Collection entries
..........
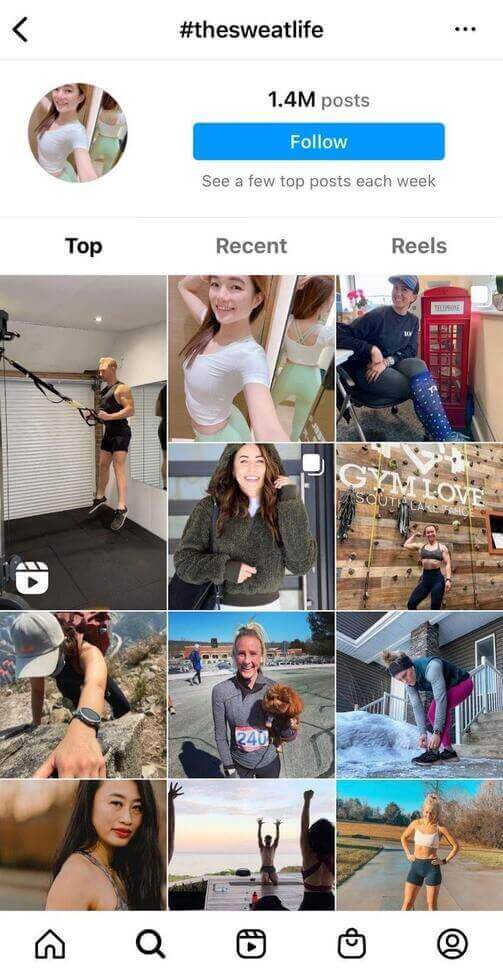 user generated content examples - thesweatlife hashtag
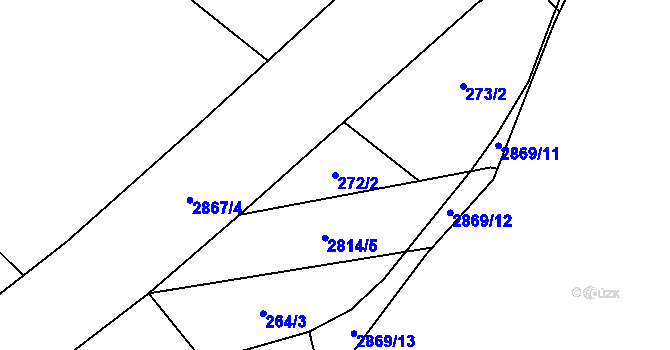 Parcela st. 272/2 v KÚ Lhotice u Českých Budějovic, Katastrální mapa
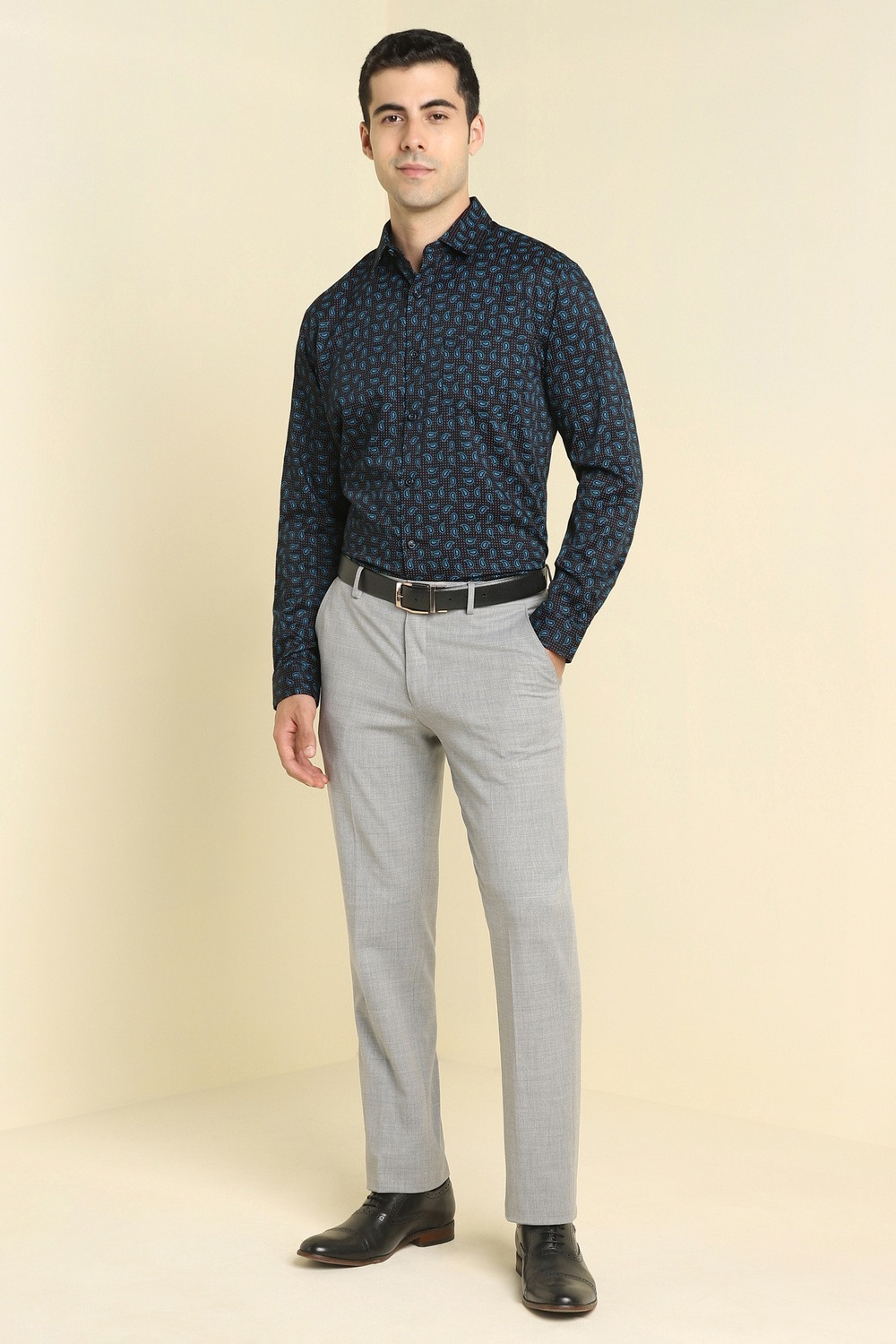 Image of Allen Solly Men Printed Formal Black Shirt
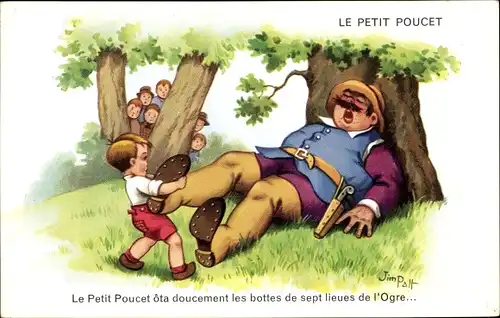 Künstler Ak Patt, Jim, Le Petit Poucet, l'Ogre, Däumling
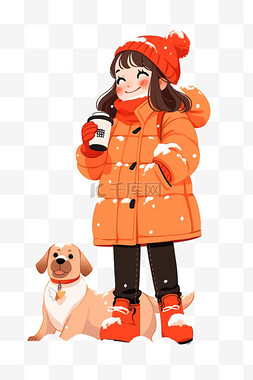 蹲着的小狗图片_冬天可爱女孩宠物手绘咖啡卡通元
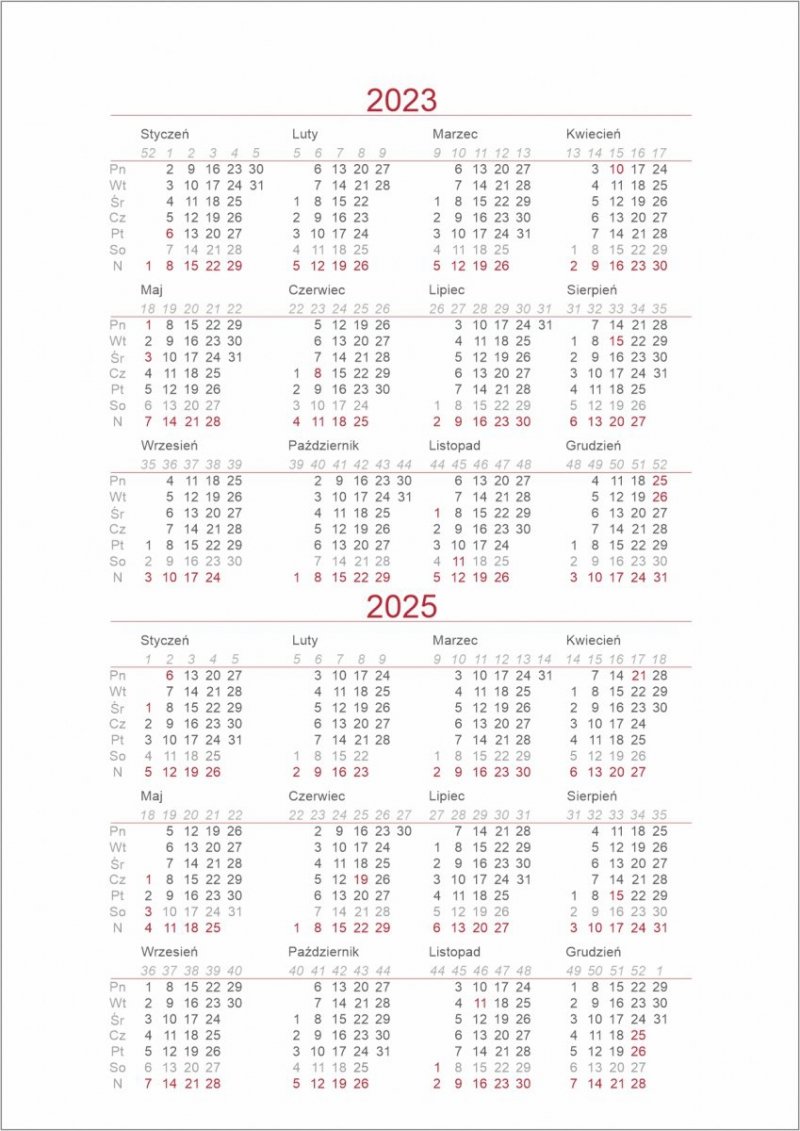 Skrócone kalendarium całoroczne na rok 2023 oraz 2025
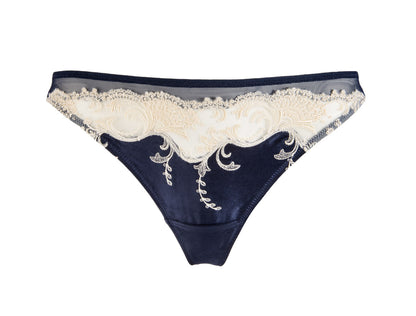 Navy Blue Lise Charmel Splendeur Soie Luxury Silk Embroidered Thong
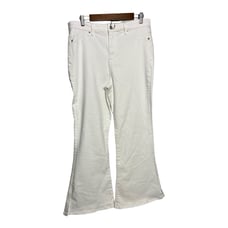 American Eagle White Super Hi-Rise Flare Jeans Stretch Sz 16 Short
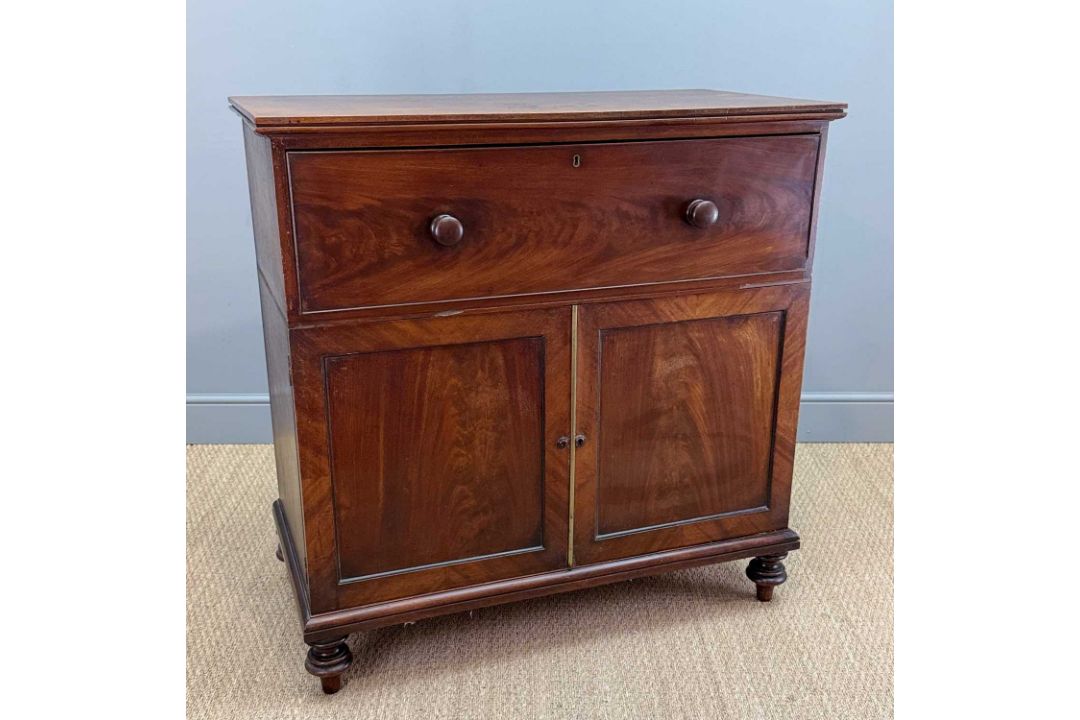 UNUSUAL ANTIQUE MAHOGANY SECRETAIRE CABINET, drop-front writing desk, fitted interior, lower - Image 2 of 13
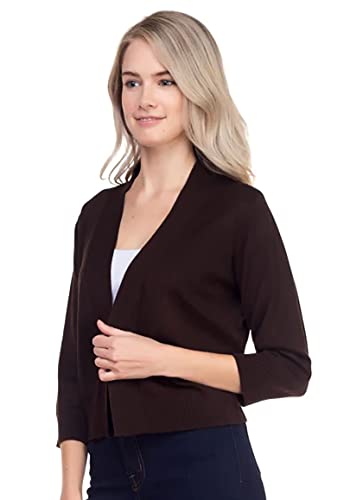 Image of Bolero Cropped Cardigans Shrugs for Women - 3 /4 Sleeve Open Front Cover up for Dresses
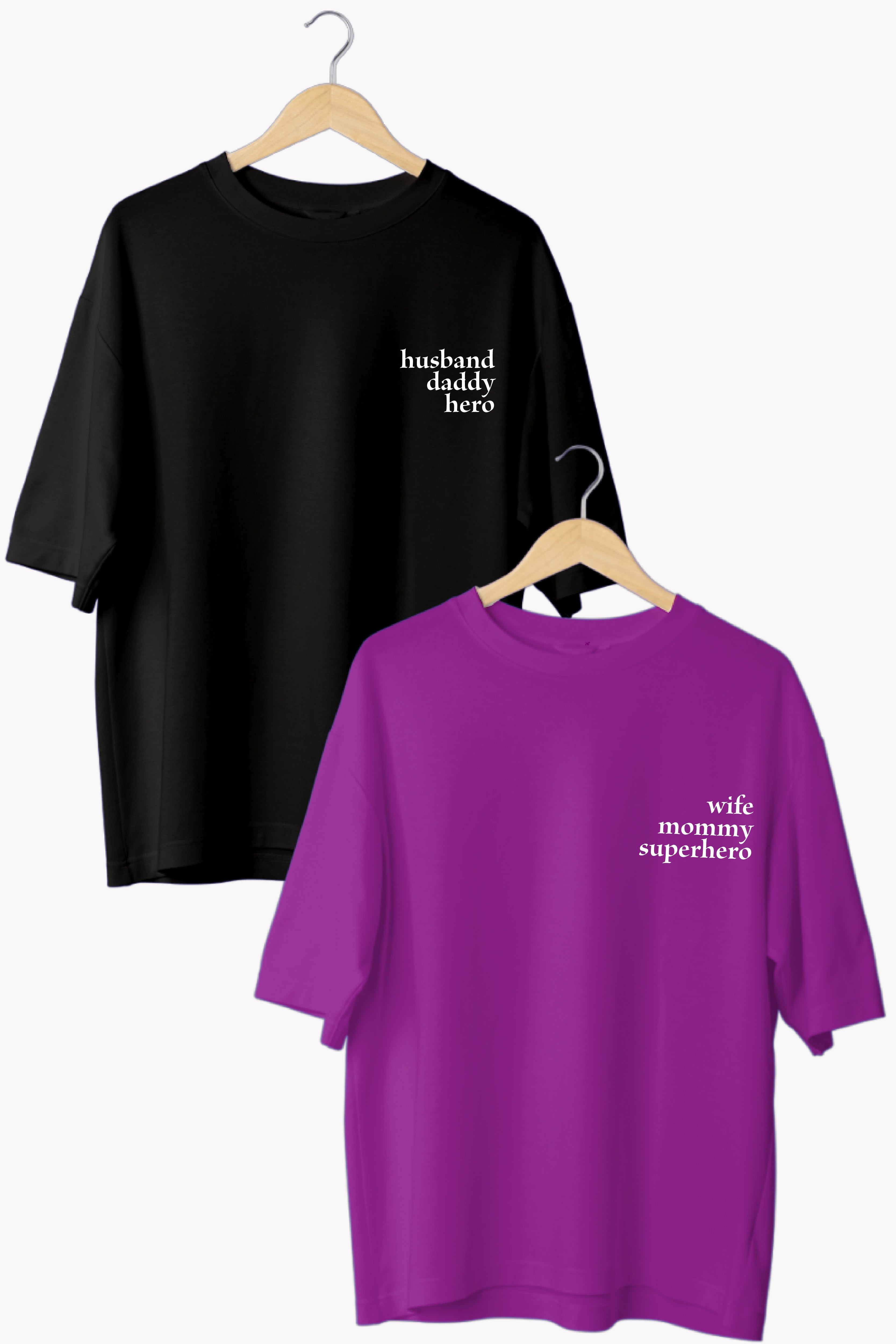 Husband, Daddy, Hero Oversized Couple T-Shirts (Pack of 2)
..........
- [WHAT TO PRODUCE]
Looking at the records above, extract only the lines from the one with "Künstler Ak Patt, Jim, Le" through the last line, exactly, with the pictures left out.

- [TASK OUTPUT]
 Künstler Ak Patt, Jim, Le Petit Poucet, l'Ogre, Däumling
 蹲着的小狗图片_冬天可爱女孩宠物手绘咖啡卡通元
 Skrócone kalendarium całoroczne na rok 2023 oraz 2025
 Navy Blue Lise Charmel Splendeur Soie Luxury Silk Embroidered Thong
 American Eagle White Super Hi-Rise Flare Jeans Stretch Sz 16 Short
 UNUSUAL ANTIQUE MAHOGANY SECRETAIRE CABINET, drop-front writing desk, fitted interior, lower - Image 2 of 13
 Image of Bolero Cropped Cardigans Shrugs for Women - 3 /4 Sleeve Open Front Cover up for Dresses
 Husband, Daddy, Hero Oversized Couple T-Shirts (Pack of 2)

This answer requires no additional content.